**Task brief**
Copy nothing but the lines below running from the line containing "Raw boneless skinless" through the line containing "a kitchen with", both end lines included.

**Source records**
┄┄┄┄┄┄

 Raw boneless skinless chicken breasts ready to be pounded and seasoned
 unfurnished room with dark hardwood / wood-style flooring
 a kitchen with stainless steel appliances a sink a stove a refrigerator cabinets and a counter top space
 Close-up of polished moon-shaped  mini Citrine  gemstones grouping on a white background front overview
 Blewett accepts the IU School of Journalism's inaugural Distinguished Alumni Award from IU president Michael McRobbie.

┄┄┄┄┄┄

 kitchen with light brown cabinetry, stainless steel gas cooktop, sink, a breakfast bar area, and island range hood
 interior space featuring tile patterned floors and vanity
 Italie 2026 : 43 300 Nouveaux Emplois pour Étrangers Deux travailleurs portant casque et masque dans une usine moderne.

┄┄┄┄┄┄

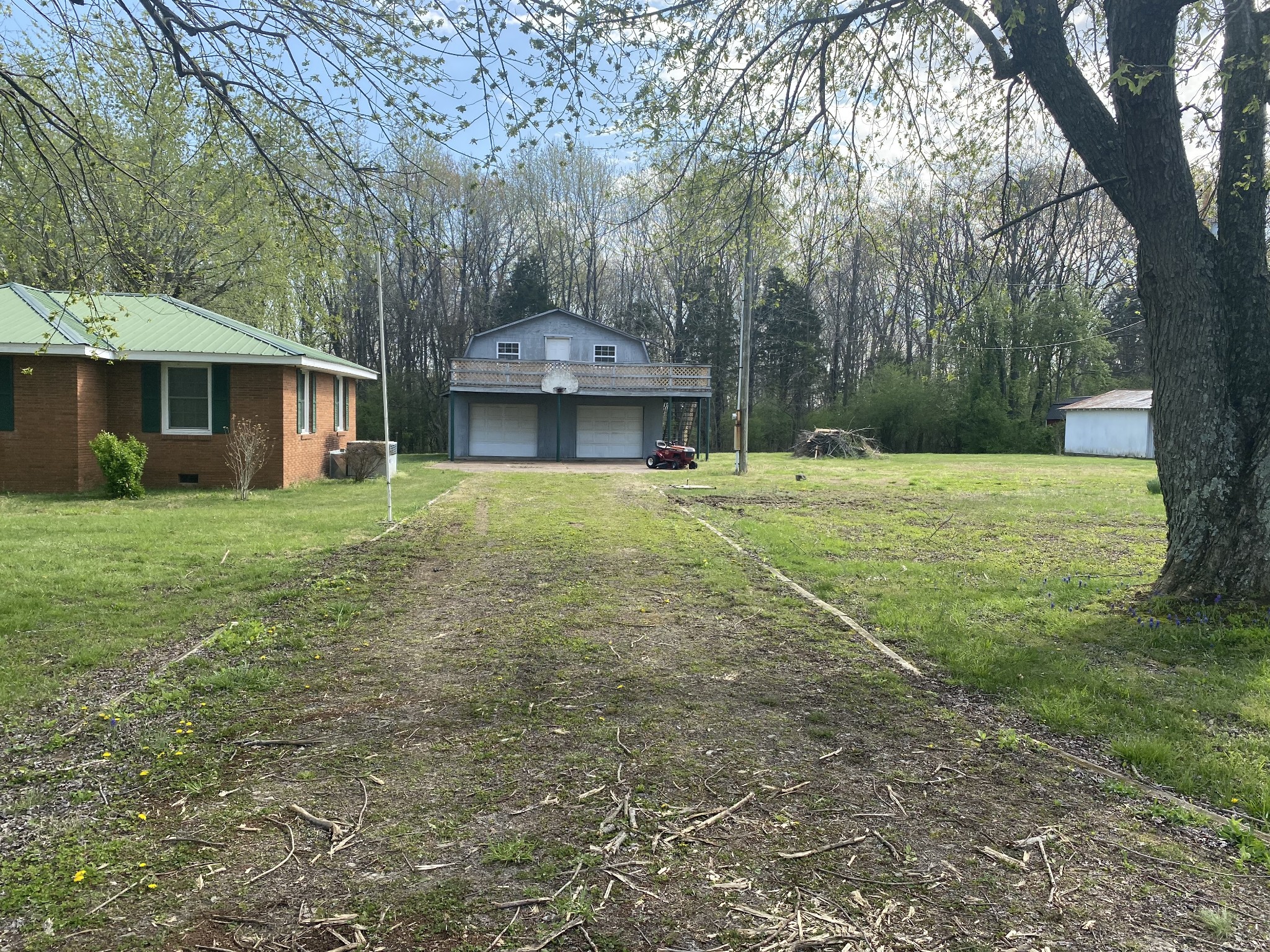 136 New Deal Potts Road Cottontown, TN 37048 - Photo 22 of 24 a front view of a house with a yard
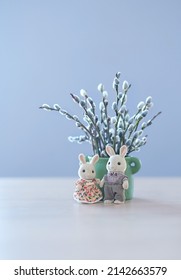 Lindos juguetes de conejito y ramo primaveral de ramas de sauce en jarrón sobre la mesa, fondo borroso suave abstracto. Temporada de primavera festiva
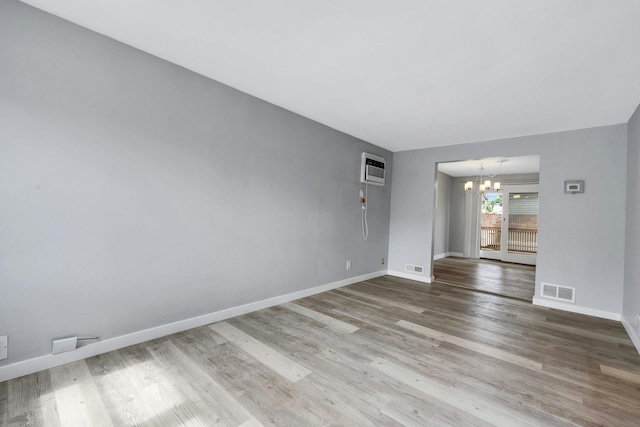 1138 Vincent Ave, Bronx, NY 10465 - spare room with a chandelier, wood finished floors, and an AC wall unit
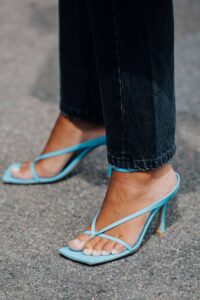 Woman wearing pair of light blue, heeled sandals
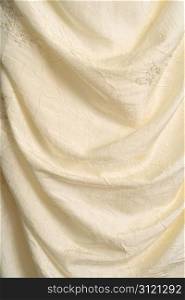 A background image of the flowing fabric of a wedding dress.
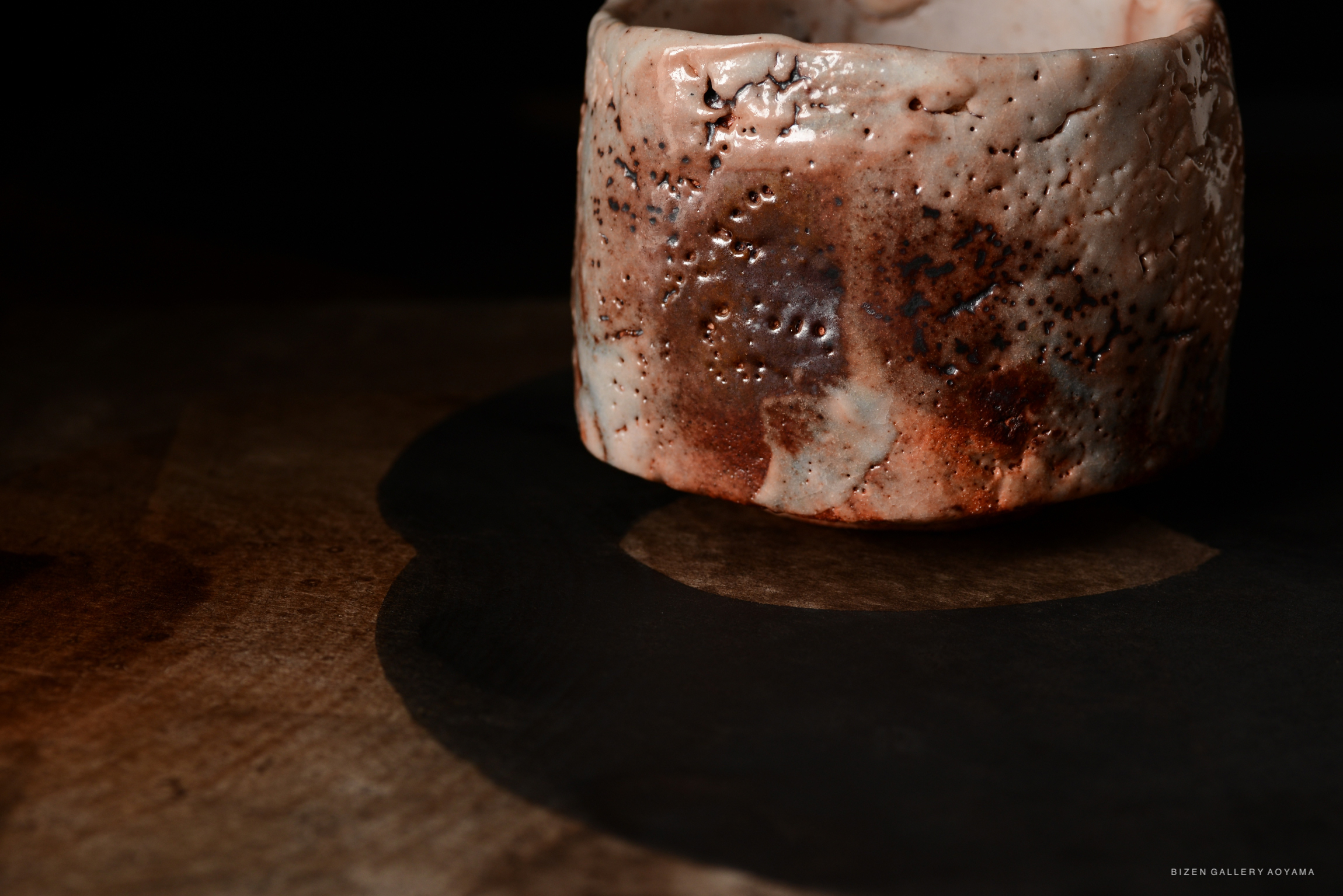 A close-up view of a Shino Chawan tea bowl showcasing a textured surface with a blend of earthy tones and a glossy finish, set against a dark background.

┄┄┄┄┄┄

**Final answer**
 Raw boneless skinless chicken breasts ready to be pounded and seasoned
 unfurnished room with dark hardwood / wood-style flooring
 a kitchen with stainless steel appliances a sink a stove a refrigerator cabinets and a counter top space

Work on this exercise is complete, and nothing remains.